No caso dos homens que querem constituir família sozinhos, a Fertilização in Vitro (FIV) é o tratamento de escolha, mas há duas particularidades para os futuros papais que vão trilhar a produção independente.
“Será necessário recorrer a um banco de óvulos de doadoras anônimas e que uma parente de até quarto grau receba o embrião e faça o pré-natal do bebê gerado a partir do espermatozoide do papai independente e do óvulo da doadora”, explica Jorge Barreto, médico especialista em reprodução humana do Ceferp – Centro de Fertilidade de Ribeirão Preto. A parente pode ser a mãe, a irmã, a filha, a sobrinha, a tia ou a prima.
É o que fez Marcelo das Neves Junior, de Serrana, que teve os filhos Maria Flor e Noah gerados pela mãe, Valdira das Naves, na época com 44 anos. Os bebês nasceram no dia 3 de setembro de 2019, no Hospital das Clínicas de Ribeirão Preto.
“Como sou pai de primeira viagem e solteiro, está sendo um desafio cuidar de dois bebês, muita coisa nova, mas minha mãe está me ajudando com toda a rotina, papinhas, banho”, conta Marcelo, que agora se prepara para passar seu primeiro Dia dos Pais acompanhado dos filhos. “Esse é o ano especial da minha vida, por mais que esteja acontecendo tudo que está acontecendo no mundo. Estou aqui com meus filhos, saudáveis, e agradeço muito a Deus por isso.”
Como funciona o processo de produção independente masculina – Com a definição de quem será a barriga solidária, a clínica encaminha todos os envolvidos para uma avaliação psicológica. Depois, o processo é o mesmo que passa um casal ou uma mulher que também decide por uma produção independente.
O homem escolhe um perfil de doadora dos óvulos, que precisa ser anônima. “Não é possível contar com os óvulos de uma amiga, por exemplo. O anonimato é estabelecido pelo CFM e nem a doadora saberá para quem os óvulos foram doados”, afirma o médico.
No laboratório, o embrião é formado com o óvulo da doadora e o espermatozoide do homem e depois transferido para o útero da barriga solidária. No caso de Marcelo, foram dois embriões.

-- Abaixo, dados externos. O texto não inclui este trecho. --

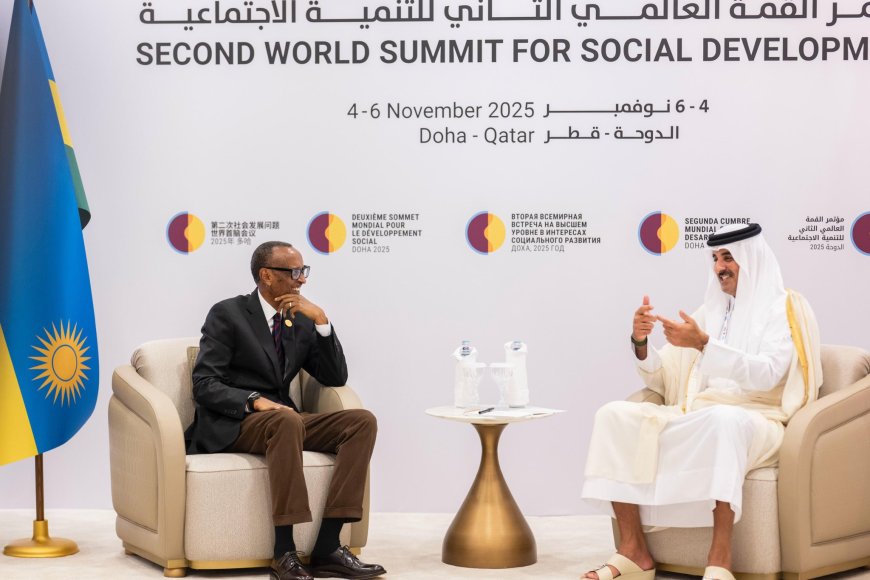 Perezida Kagame yagiranye ibiganiro na Emir wa Qatar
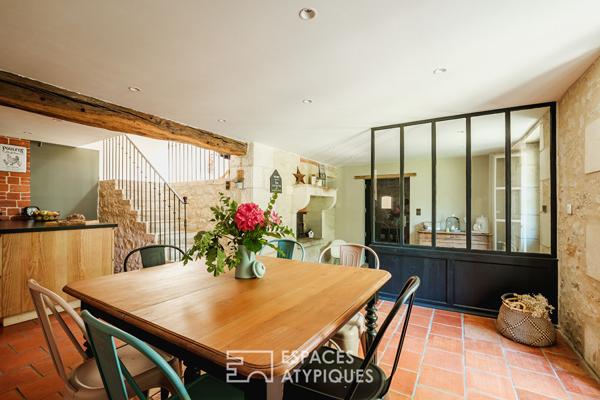 Élégante charentaise et ses dépendances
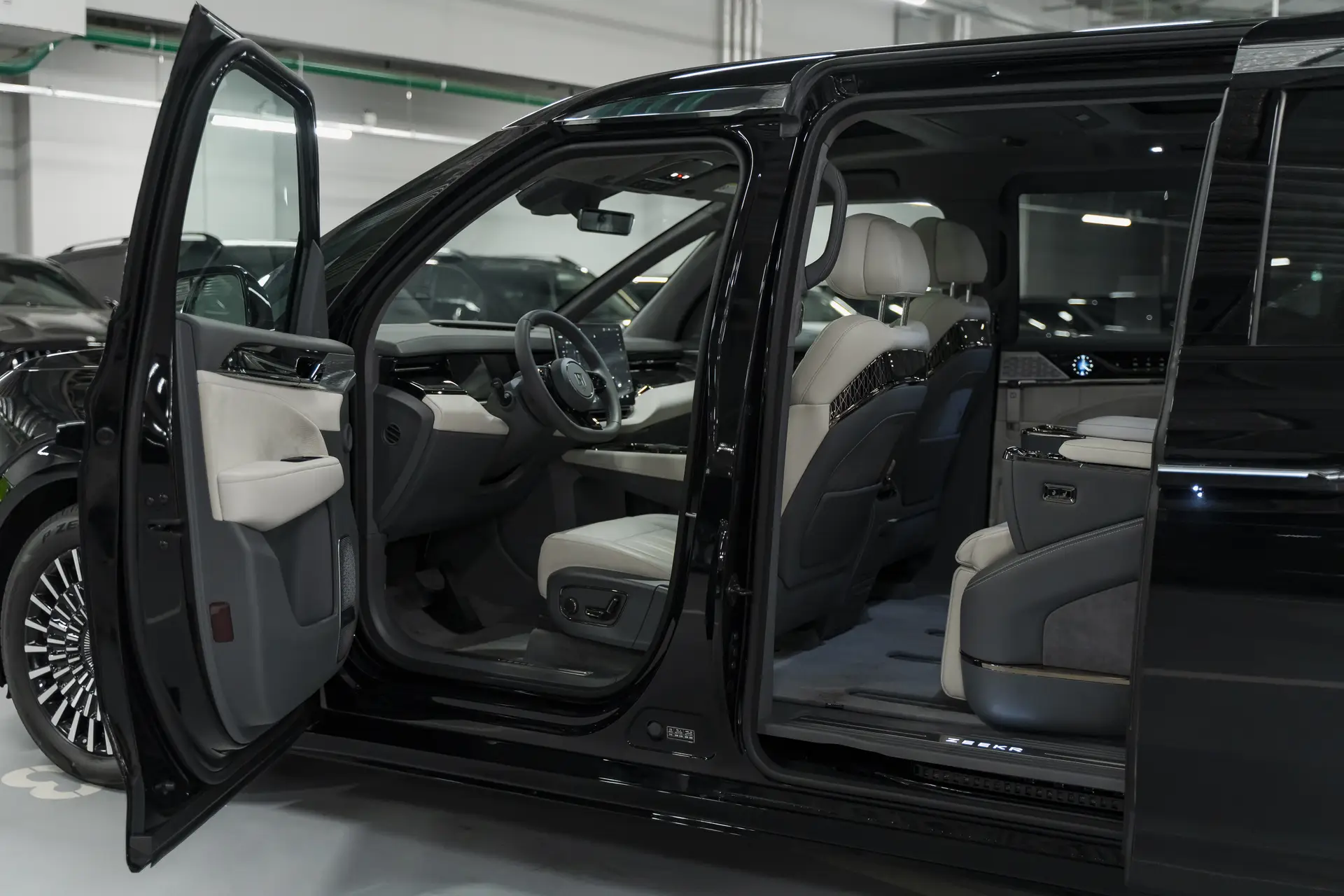 Zeekr 009, I Рестайлинг, 2025 купить в салоне Million Miles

“É importante lembrar que o pai biológico tem que garantir o seguimento médico durante a gravidez, o parto e após os primeiros meses do nascimento”, comenta Jorge Barreto, ressaltando ainda que a técnica para produção masculina independente também é utilizada para casais homoafetivos masculinos terem seus bebês.
Mais de 5,5 milhões de crianças brasileiras não têm o nome do pai na certidão de nascimento
Neste domingo (07), é comemorado o Dia dos Pais. No entanto, um número muito grande de crianças e adolescentes não tem motivos para festejar a data. De acordo com o último Censo Escolar, realizado pelo Conselho Nacional de Justiça – CNJ e divulgado em 2013, há 5,5 milhões de crianças brasileiras sem o nome do pai na certidão de nascimento.